Domestic financial markets remained resilient during 2024-25 amidst an uncertain global environment. Government security (G-sec) and corporate bond yields declined over the year, leading to an increase in corporate bond issuances. Domestic equities surged in the first half, scaling fresh peaks before declining in the second half amidst concerns over slowdown in GDP growth and corporate earnings growth, tariff policy uncertainty and foreign portfolio investment (FPI) outflows. Primary market activity remained upbeat in 2024-25 although it moderated in Q4, the RBI said.

In 2025-26, markets will closely track the implications of tariff policies of the US and reciprocal measures by others, as an uncertain policy environment may instil volatility in global financial markets, said the RBI. “Following a correction in the second half of 2024, Indian equity markets are expected to remain resilient amidst stable macroeconomic conditions and moderation in equity market valuations, although geopolitical uncertainty poses downside risk. Resource mobilisation through primary market is expected to regain momentum as secondary market sentiments stabilise. In the short run, however, markets may experience volatility reflecting global policy uncertainty,” it warned.

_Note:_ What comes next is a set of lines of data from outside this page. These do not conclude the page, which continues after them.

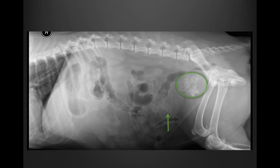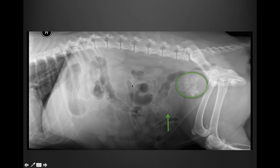Another thing we can get the impression of on this radiograph, despite superimposed bowel, is little mineral foci superimposed over the bladder. With the superimposed bowel, it's not clear whether this is within the bowel or within the bladder. Similarly, you get superimposed mineral over the region of the kidneys, so you should have concern for mineralized bladder and kidney debris.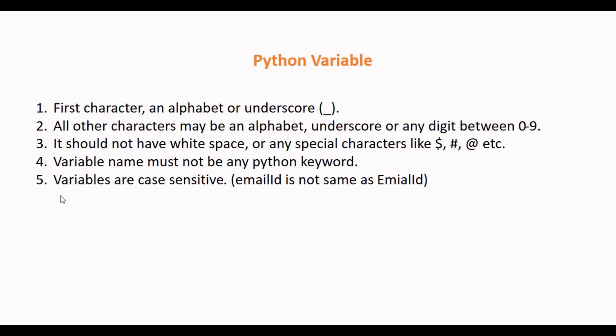And the last rule is Python variables are case sensitive. For example, this variable email id is not same as this variable email id. Let's understand these rules through code now.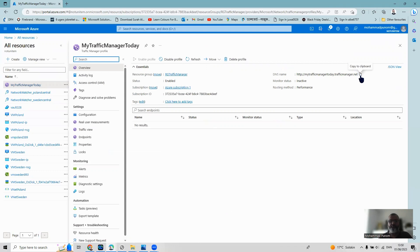Once we add endpoints to this Traffic Manager, we can use this DNS name to reach the web servers — sometimes in the Poland region and sometimes in Sweden Central region. I'll show how to add endpoints and how requests arrive at different web servers.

The Indian equity market witnessed fresh highs in the first half of FY25 whereas the second half exhibited a sharp correction on account of a set of factors such as shifting expectations on global monetary policy trajectory, tariff policies in the US and lingering geopolitical tensions in the Middle East and Europe.

“Going forward, global financial market volatility, geopolitical tensions, trade fragmentation, supply chain disruptions and climate-induced uncertainties pose downside risks to the growth outlook and upside risks to the inflation outlook,” the RBI cautioned.

It, however, said that the Indian economy is poised to remain the fastest-growing major economy in 2025-26 by leveraging its sound macroeconomic fundamentals, robust financial sector and commitment towards sustainable growth.